Here’s the link to my latest Telegraph Blog piece on Trust, Sovereignty and Reality:
Let’s agree that we need more Trust. How in fact to get it? Can it be "built" or "rebuilt" by clever leaders? Or does it emerge in a mysterious, organic, bottom-up way?
One of Europe’s most engaging high-level fixers is Javier Solana. He sees the answer in getting rid of some old-fashioned notions (my emphasis added):
On the European level, legitimacy is essential and – let’s be realistic – won’t be achieved unless and until Europeans overcome certain antiquated ideas about sovereignty… Citizens must have the feeling that the institutions that govern them account for their interests and make them part of the decision-making process, which implies a union based on rules rather than power.
Note the subtle phrasing which tips us over the edge of a slippery slope, away from democracy as hitherto developed. We need to become comfortably numb, "feeling" that the institutions governing us account for our interests and make us part of the decision-making process. Who cares whether in fact those institutions do just that?

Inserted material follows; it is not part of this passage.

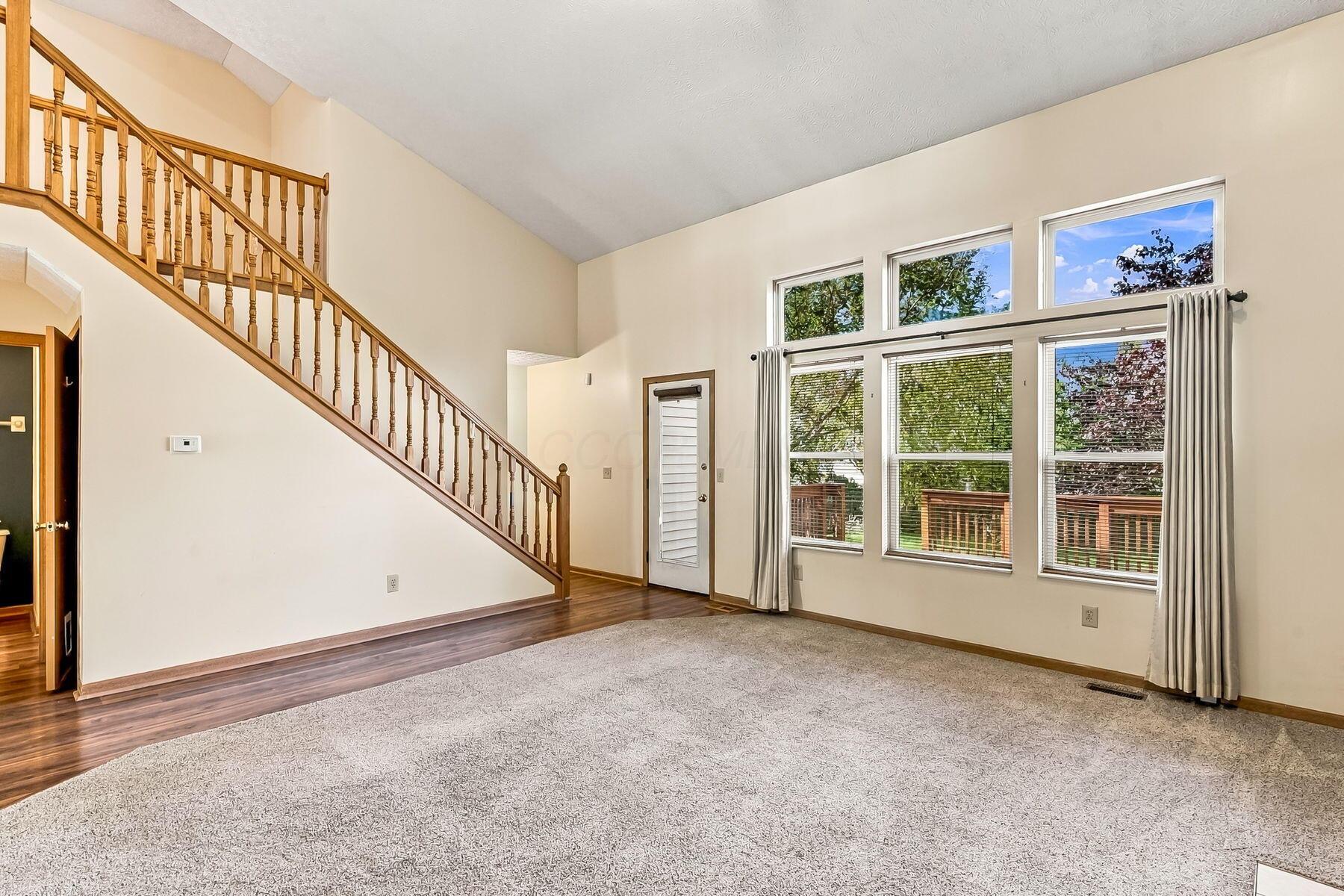 1143 Insco Loop Property Photo 13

Read the Comments. This one is my very favourite:
Welcome back Charles, the Rolls Royce of DT Bloggers
Maybe this is putting things the wrong way around. People "trust" when there are institutions backing them up – when, if their trust is misplaced, there is some mechanism for redress. Even if it proves illusory as in real life it may, the idea that there is a court of last resort gives people the opportunity to trust. It is is what is missing in most of the world in political and economic spheres, and what creates the opportunities for corruption so visible in some societies.